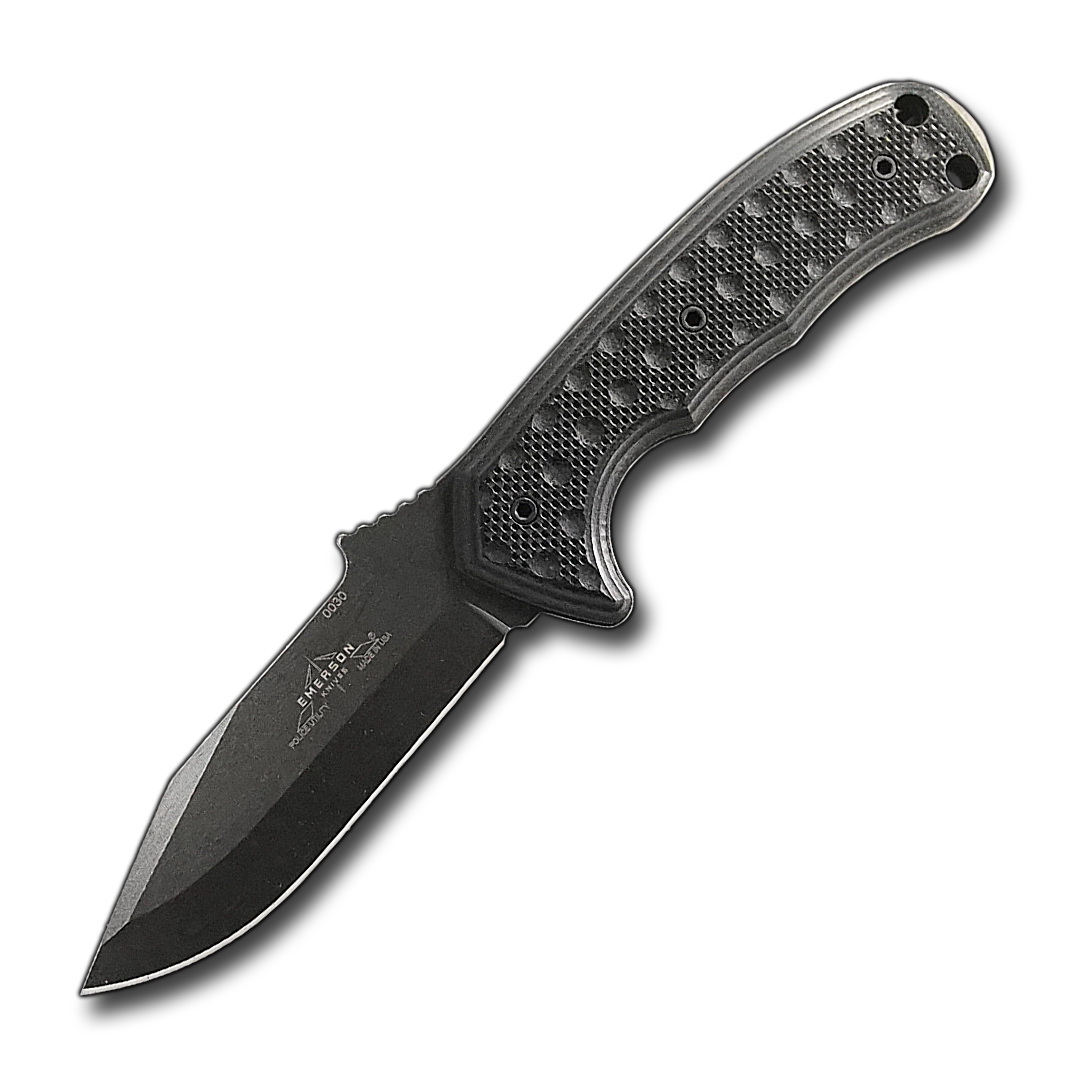 Police Utility Knife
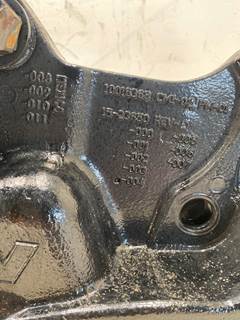 Used Western Star LH Frame Horn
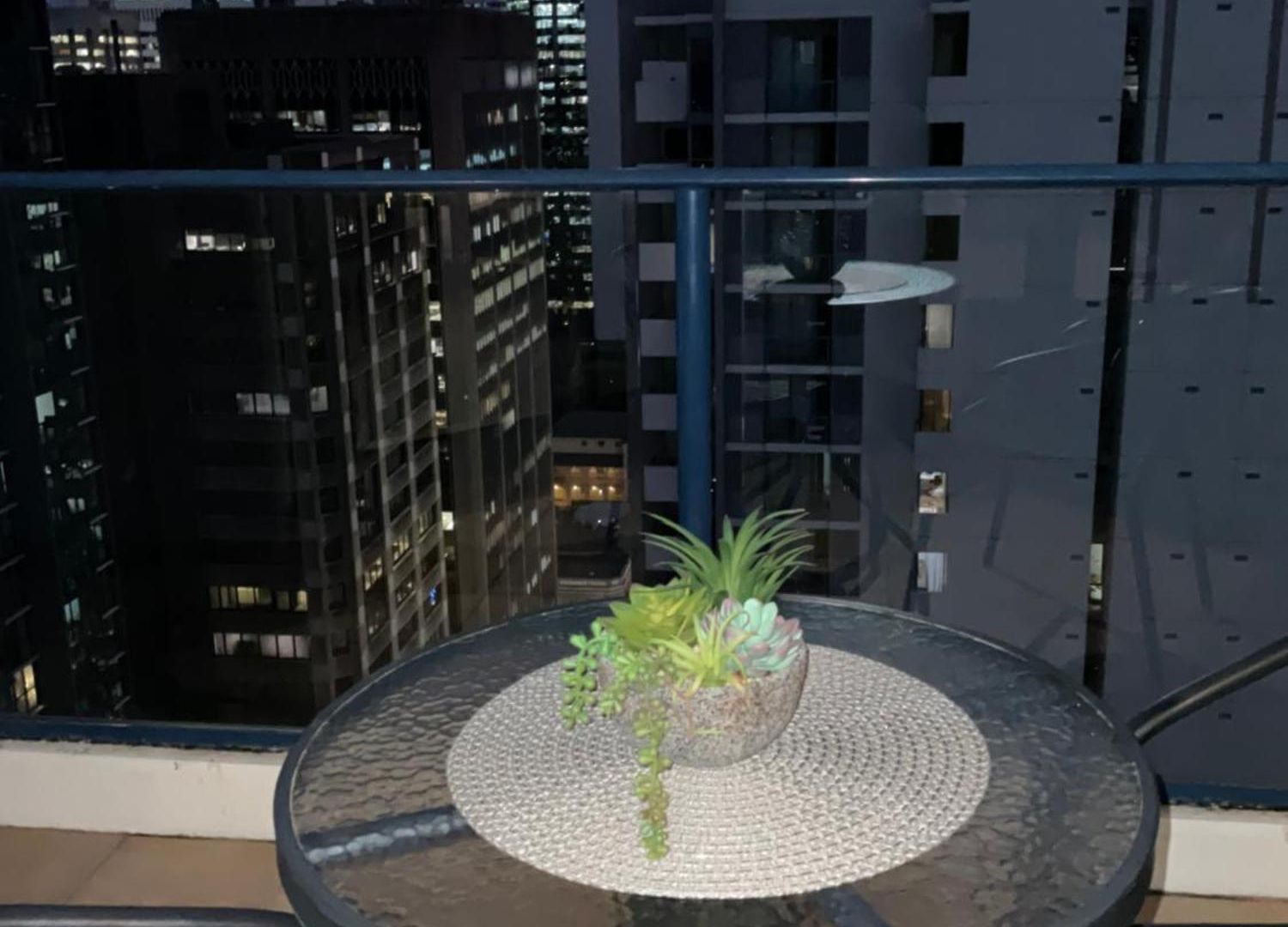 Apartment Location Cbd & Free Parking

__What you will do__
Please retype the material in full, exactly as it reads, apart from the images.

__Result for this task__
 Police Utility Knife
 Used Western Star LH Frame Horn
 Apartment Location Cbd & Free Parking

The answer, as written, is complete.